Exercise objective —
Only the pictures are to be left out; write out the rest of the data exactly.

- Opening Delimiter -

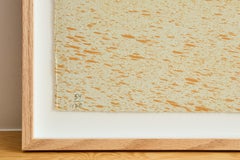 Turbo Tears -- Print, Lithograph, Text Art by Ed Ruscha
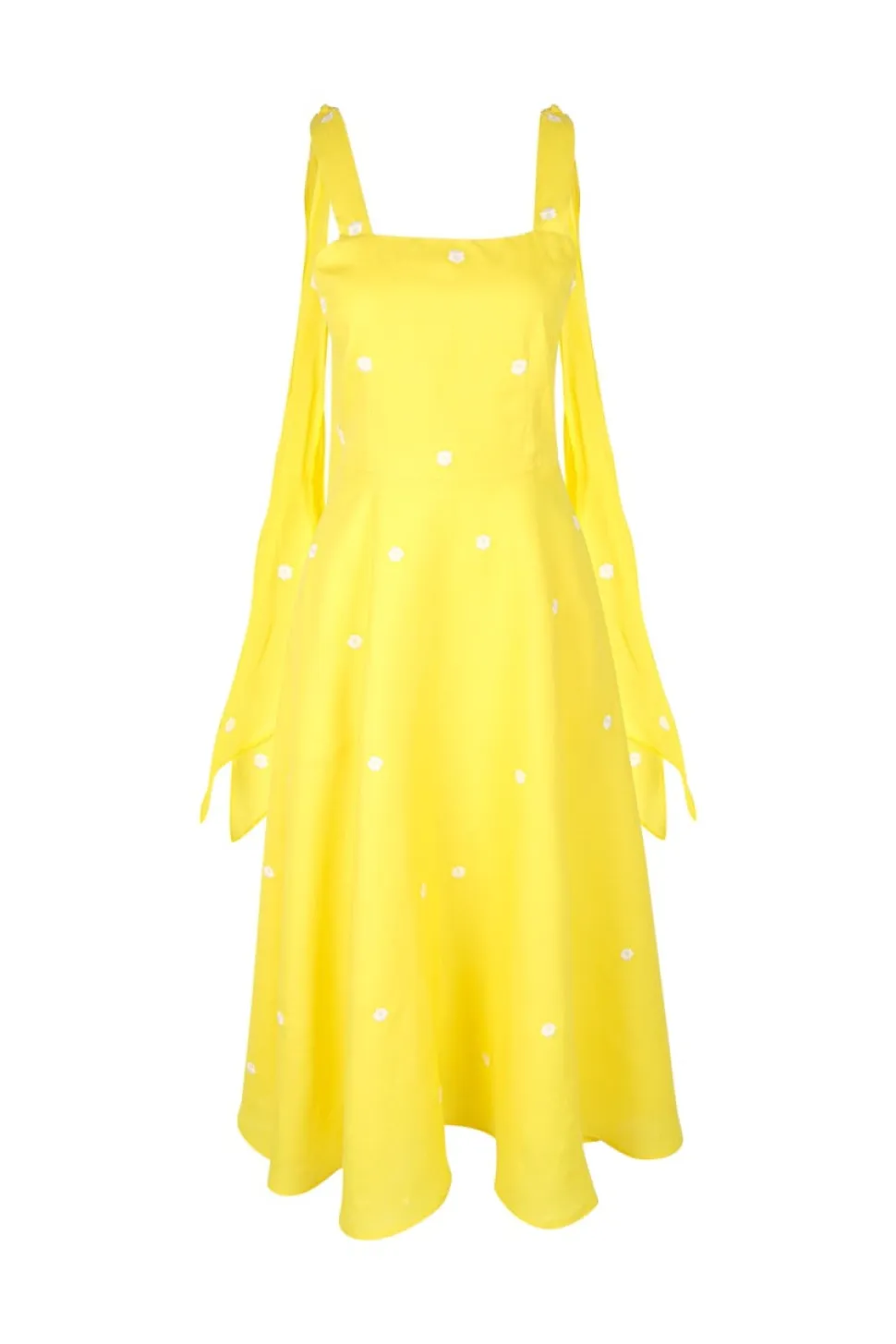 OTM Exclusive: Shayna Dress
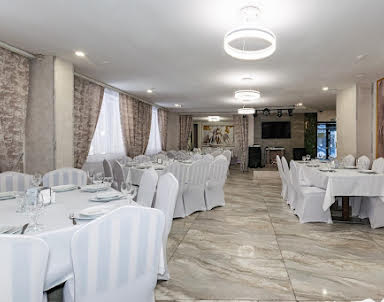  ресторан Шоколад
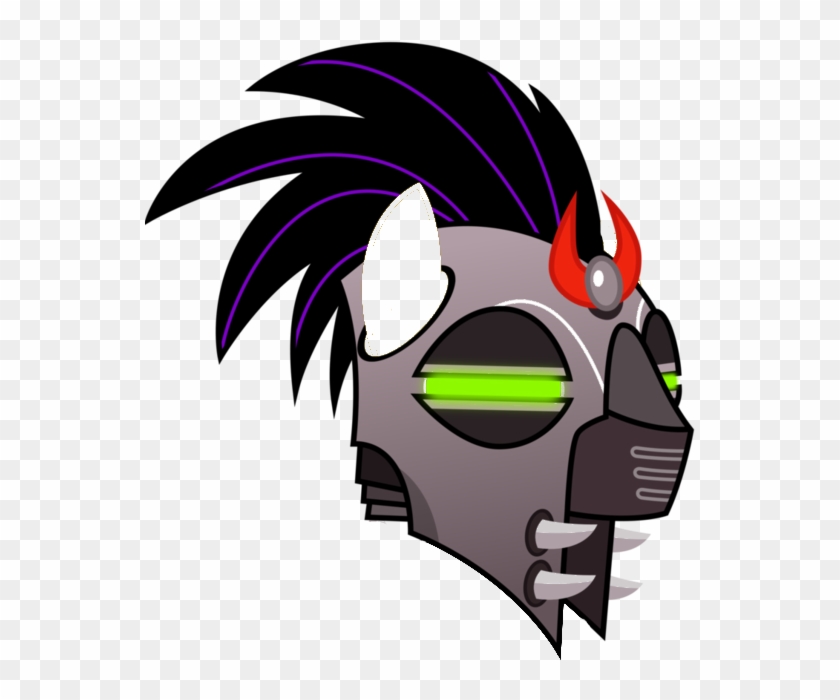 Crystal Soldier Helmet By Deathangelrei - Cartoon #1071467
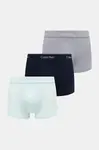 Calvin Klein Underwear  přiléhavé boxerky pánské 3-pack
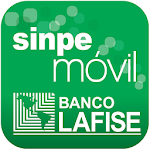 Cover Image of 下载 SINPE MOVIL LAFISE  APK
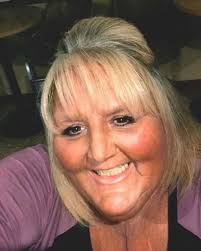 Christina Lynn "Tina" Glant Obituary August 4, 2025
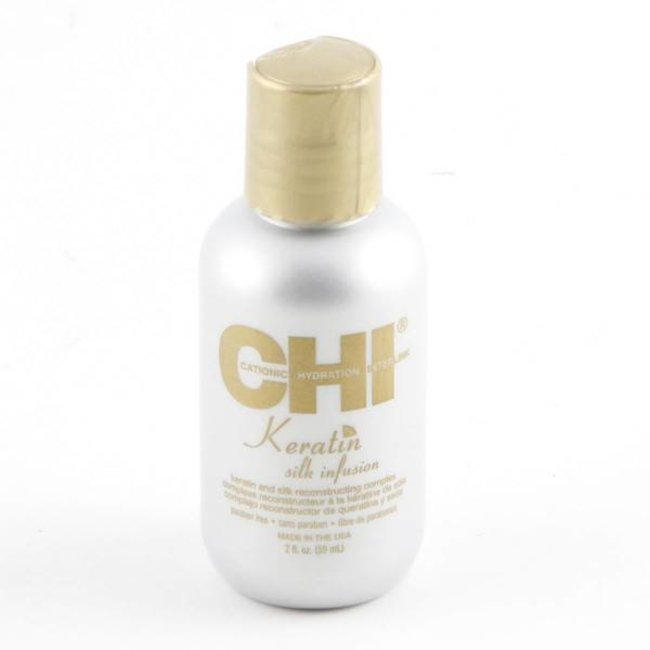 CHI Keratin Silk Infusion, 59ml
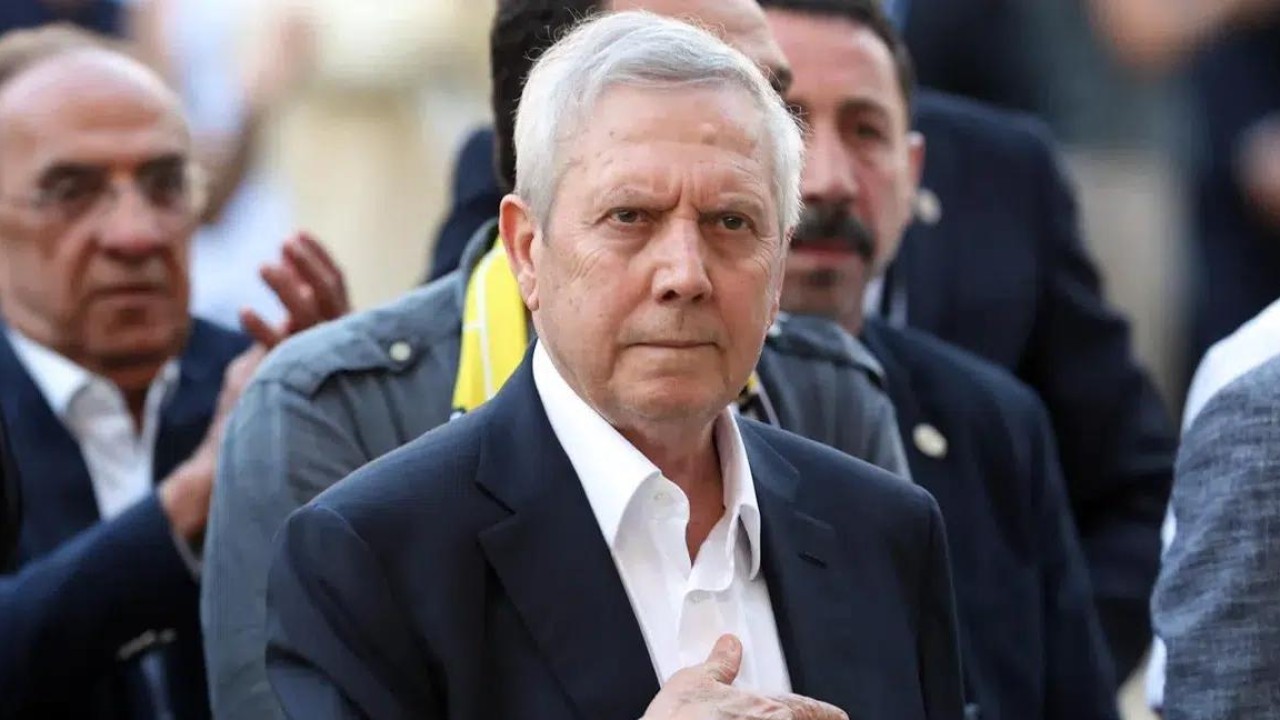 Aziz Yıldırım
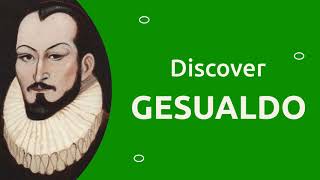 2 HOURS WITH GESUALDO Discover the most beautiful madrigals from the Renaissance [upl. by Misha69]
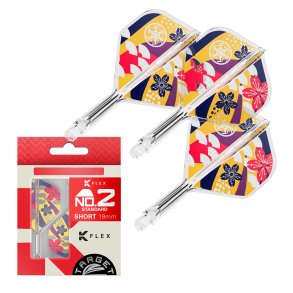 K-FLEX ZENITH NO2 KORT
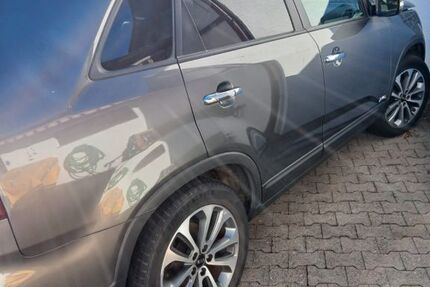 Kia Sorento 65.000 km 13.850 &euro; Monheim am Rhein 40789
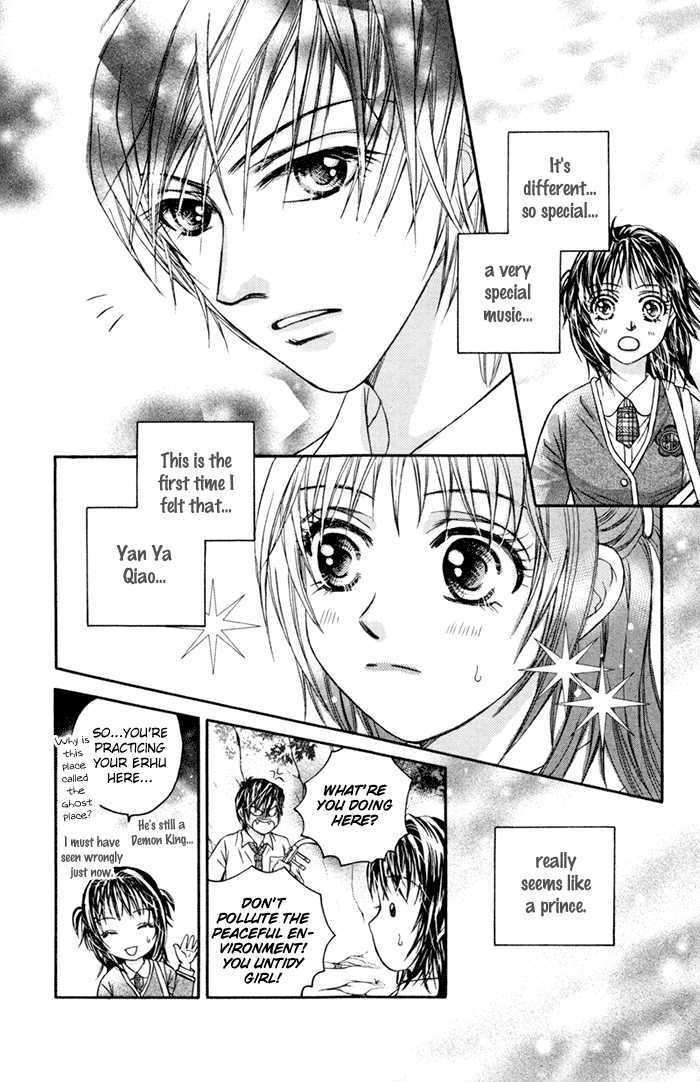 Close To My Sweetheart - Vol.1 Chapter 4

- Closing Delimiter -

Solution for this problem —
 Turbo Tears -- Print, Lithograph, Text Art by Ed Ruscha
 OTM Exclusive: Shayna Dress
  ресторан Шоколад
 Crystal Soldier Helmet By Deathangelrei - Cartoon #1071467
 Calvin Klein Underwear  přiléhavé boxerky pánské 3-pack
 Cover Image of 下载 SINPE MOVIL LAFISE  APK
 Christina Lynn "Tina" Glant Obituary August 4, 2025
 CHI Keratin Silk Infusion, 59ml
 Aziz Yıldırım
 2 HOURS WITH GESUALDO Discover the most beautiful madrigals from the Renaissance [upl. by Misha69]
 K-FLEX ZENITH NO2 KORT
 Kia Sorento 65.000 km 13.850 &euro; Monheim am Rhein 40789
 Close To My Sweetheart - Vol.1 Chapter 4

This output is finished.